Location
- 489 Moo 1, Sukhumvit Road Pak Nam Sub-district, Mueang Samut Prakan District, Samut Prakan 10270 Thailand
- Coordinates: 13°35′51″N 100°36′18″E﻿ / ﻿13.59750°N 100.60500°E

Information
- Type: Public school
- Established: 1902; 124 years ago
- Grades: Mathayom 1–6
- Enrollment: 2,870
- Colors: Green and white
- Website: www.streesp.ac.th

= Streesmutprakan School =

Streesmutprakan School (โรงเรียนสตรีสมุทรปราการ; ) is a coeducational public high school in Samut Prakan Province, Thailand.

The school has junior high school and high school levels. In 2011 the school received an award from King Bhumibol Adulyadej and was honoured by the Department of Education as an International Standard Quality School.

== History ==
On July 18, 1883. Prince Damrong Rajanubhab established the school as a primary school at Wat Klang, Paknam Muang, in Samut Prakarn In 1900, Chao Phraya Sadej Suren Tara Tippadee made it a high school.

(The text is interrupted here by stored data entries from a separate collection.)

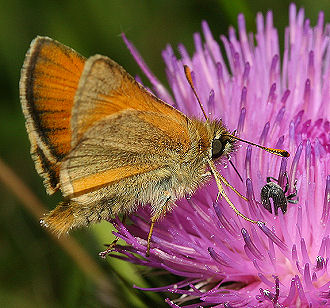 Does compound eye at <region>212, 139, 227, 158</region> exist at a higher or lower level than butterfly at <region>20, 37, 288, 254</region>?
lower

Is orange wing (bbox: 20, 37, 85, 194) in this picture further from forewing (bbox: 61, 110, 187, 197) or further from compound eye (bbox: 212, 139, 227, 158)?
compound eye (bbox: 212, 139, 227, 158)

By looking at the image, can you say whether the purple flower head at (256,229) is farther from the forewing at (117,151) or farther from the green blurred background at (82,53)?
the green blurred background at (82,53)

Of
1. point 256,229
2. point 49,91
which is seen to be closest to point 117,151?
point 49,91

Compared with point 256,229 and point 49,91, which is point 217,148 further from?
point 49,91

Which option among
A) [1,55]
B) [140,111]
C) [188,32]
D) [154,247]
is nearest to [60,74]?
[140,111]

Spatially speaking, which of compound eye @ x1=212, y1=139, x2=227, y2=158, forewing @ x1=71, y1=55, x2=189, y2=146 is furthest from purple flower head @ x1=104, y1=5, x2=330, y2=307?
forewing @ x1=71, y1=55, x2=189, y2=146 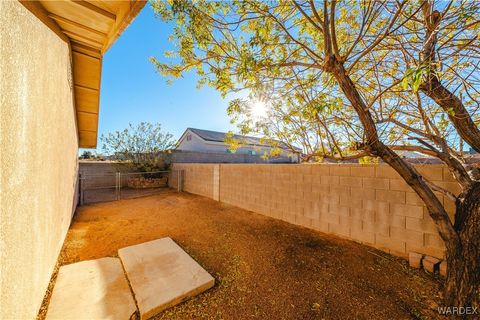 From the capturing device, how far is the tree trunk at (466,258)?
1.61 meters

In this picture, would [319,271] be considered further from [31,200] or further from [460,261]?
[31,200]

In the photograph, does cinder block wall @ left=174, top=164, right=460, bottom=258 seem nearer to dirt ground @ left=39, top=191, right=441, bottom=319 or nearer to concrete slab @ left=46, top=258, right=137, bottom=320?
dirt ground @ left=39, top=191, right=441, bottom=319

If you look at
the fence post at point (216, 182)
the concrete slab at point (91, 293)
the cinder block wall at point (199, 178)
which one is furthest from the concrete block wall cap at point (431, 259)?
the cinder block wall at point (199, 178)

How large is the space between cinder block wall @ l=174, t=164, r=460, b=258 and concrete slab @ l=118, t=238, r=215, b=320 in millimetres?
2742

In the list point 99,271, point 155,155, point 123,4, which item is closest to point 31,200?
point 99,271

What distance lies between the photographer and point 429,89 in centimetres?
210

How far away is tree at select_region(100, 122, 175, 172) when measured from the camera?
948cm

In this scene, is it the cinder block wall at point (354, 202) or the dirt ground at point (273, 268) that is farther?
the cinder block wall at point (354, 202)

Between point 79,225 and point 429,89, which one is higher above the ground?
point 429,89

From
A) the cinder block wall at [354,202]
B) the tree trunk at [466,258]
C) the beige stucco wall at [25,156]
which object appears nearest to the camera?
the beige stucco wall at [25,156]

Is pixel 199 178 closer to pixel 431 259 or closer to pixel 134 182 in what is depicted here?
pixel 134 182

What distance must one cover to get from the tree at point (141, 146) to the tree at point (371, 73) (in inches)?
298

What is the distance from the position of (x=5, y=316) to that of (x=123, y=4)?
2.57 meters

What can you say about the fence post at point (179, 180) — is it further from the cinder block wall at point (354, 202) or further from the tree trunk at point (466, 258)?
the tree trunk at point (466, 258) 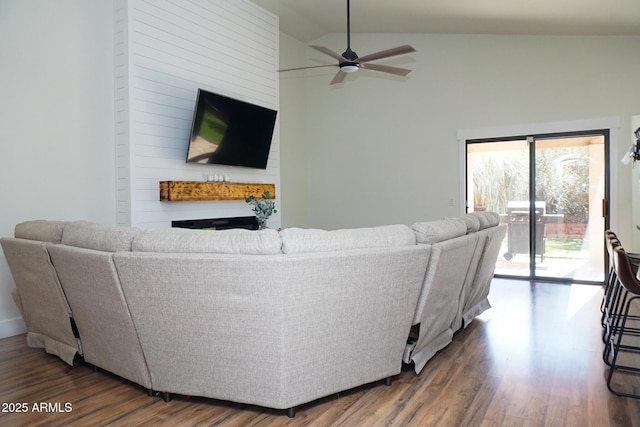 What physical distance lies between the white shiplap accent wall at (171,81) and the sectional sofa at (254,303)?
73.6 inches

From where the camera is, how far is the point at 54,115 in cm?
397

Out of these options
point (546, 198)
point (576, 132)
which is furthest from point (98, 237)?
point (576, 132)

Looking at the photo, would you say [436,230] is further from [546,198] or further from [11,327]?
[546,198]

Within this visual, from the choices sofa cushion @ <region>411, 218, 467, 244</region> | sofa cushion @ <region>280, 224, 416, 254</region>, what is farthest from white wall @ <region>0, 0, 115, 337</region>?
sofa cushion @ <region>411, 218, 467, 244</region>

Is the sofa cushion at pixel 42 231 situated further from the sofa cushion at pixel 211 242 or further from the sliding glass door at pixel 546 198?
the sliding glass door at pixel 546 198

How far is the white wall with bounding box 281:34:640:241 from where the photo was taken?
5.43 m

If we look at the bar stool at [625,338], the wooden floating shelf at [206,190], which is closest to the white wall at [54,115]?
the wooden floating shelf at [206,190]

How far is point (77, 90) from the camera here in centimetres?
415

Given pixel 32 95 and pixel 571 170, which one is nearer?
pixel 32 95

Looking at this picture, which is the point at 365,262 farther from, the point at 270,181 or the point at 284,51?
the point at 284,51

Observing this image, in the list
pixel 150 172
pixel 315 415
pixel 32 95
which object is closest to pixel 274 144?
pixel 150 172

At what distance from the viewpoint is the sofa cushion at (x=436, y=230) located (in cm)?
252

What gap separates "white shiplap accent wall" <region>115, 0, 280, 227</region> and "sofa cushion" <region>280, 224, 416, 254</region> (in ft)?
9.27

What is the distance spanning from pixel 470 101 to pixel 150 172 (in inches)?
180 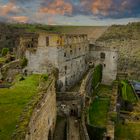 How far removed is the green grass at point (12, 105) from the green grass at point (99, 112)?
8320 mm

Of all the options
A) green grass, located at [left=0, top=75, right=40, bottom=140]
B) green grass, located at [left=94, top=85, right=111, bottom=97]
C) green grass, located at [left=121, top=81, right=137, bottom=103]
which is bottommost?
green grass, located at [left=121, top=81, right=137, bottom=103]

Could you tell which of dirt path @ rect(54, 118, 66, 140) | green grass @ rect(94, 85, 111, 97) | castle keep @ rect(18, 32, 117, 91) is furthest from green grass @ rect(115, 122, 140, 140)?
green grass @ rect(94, 85, 111, 97)

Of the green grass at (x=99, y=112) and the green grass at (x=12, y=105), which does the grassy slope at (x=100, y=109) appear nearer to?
the green grass at (x=99, y=112)

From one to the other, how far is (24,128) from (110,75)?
139 feet

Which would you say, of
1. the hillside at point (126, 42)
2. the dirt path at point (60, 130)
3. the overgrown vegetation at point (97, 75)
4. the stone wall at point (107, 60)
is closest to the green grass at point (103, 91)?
the overgrown vegetation at point (97, 75)

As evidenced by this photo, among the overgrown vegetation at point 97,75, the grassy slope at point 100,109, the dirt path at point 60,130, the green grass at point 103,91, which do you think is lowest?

In 1902, a separate school building was built, becoming the first public school in Smutprakan Province Praya Racha Yusatok established another school building for girls in the temple.

In 1938, Streesmutprakan school moved to a new site, incorporating the girls school from the temple. The school was opposite Pichai Songkram Temple and had an area of about three hectares. The school taught primary school level 3 to junior high school level 3 by Krasair RatanaWraha, who established the first two buildings of the school named RuenSangruji and Phinittantakit.

In 1942, Sobsamai Burawas became the principal . On 8 August 1956, the school was moved to the present site. The land was donated by Loung Prajerd Ugsornluk, who gave 8000 m2, and the school bought an additional 8988 m2 with money from the Department of Education. Later on, the school received 760 m2 from Srisomboon Sittichai. The school now has a total area of 17748 m2.